If they display self-immersed perspectives, they are each focusing on their own feelings. Jessica is thinking, “I’m furious with him, and I can’t believe he did that to me.” And Tom is fixated on the fact that, “She really hurt my feelings.” They are also likely recounting all of the details of the event (“He grabbed my notes, and then, and then…”).
However, if you ask them to take the third-person perspective of a distanced observer (preferably after they have taken a break from each other), they might step outside of themselves and ask broader questions. Tom might literally wonder about himself, thinking in the third person, “Why was he so hurt in this situation?” Or Jessica might ask, “How did these two people get to this point? How did her anger affect him?”
Although this approach may sound a little canned or too simple to be effective, numerous studies with children, adolescents, and adults (young and old) indicate that a shift in vantage point can have a powerful effect on the way we think, feel, and behave. Whether you’re coaching kids through problems or working on your own, there are several different techniques you can try.
Four ways to practice self-distancing
Visualize an observer: Encourage students to literally picture a fly on the wall observing their challenging experience. Or have them consider how a thoughtful friend might respond after quietly observing their situation. Results from a recent study also revealed the power of mentally injecting a model (or exemplar) into the difficult context. When five year olds envisioned Batman in the middle of a distressing situation and asked themselves, “What would Batman do?,” they were able to self-distance more effectively.
Avoid using the pronoun “I”: Focus on using third-person pronouns—he, she, they—when engaging in self-talk. This simple shift in language may be the most helpful form of self-distancing (as demonstrated above). When research participants used their own names and/or drew on non-first-person pronouns during self-talk, they were able to see social stressors as challenging (and surmountable) rather than threatening and anxiety-provoking.

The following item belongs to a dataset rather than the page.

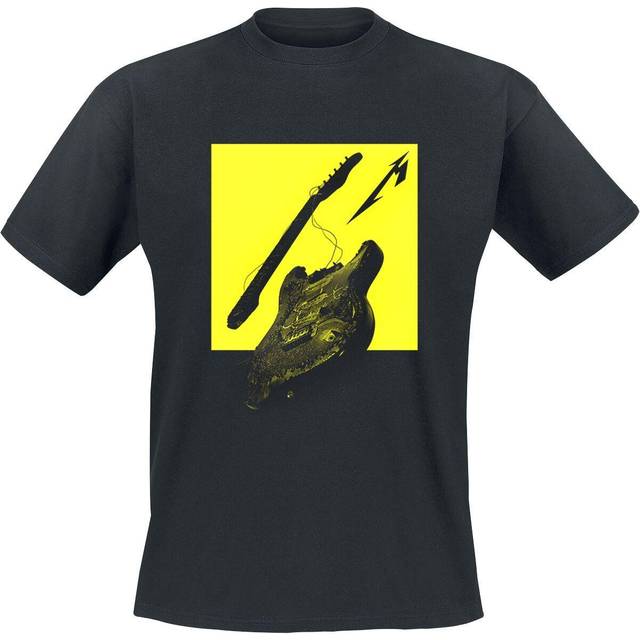 Metallica T Shirt M72 Seasons Broken Burnt Guitar Official Unisex Black M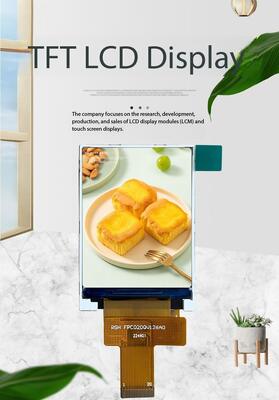 2,0-дюймовый IPS TFT-дисплей с разрешением 240 (RGB) x320 ST7789V IC, 320 нит, RGB, 8-битный интерфейс, экран All View для медицинского оборудования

Write about it: Create a personally meaningful narrative that helps you to “step back” and make sense of a negative event. Research participants who practiced “expressive writing” about distressful situations (rather than simply thinking about them or writing about other non-emotional topics) were able to more effectively self-distance. Further, writers who demonstrated a self-distanced perspective also used fewer first-person pronouns and negative-emotion words while including more causation words, such as “because” or “why,” in their writing.
Focus on your future self: A new area of research in self-distancing explores the power of temporal distancing. Ask yourself, “How would I feel about this one week from now or ten years from now?” This form of mental time travel may be effective because our attention is directed away from our immediate, concrete circumstances. A simple awareness of the passage of time (i.e., the concept of impermanence) may also support our emotional recovery.
If you want to understand your feelings without becoming overwhelmed by them, these self-distancing strategies may be helpful to you—both at home and at school. Then, you can practice self-distancing with the kids in your lives, and they can learn to respond more constructively to daily challenges, too.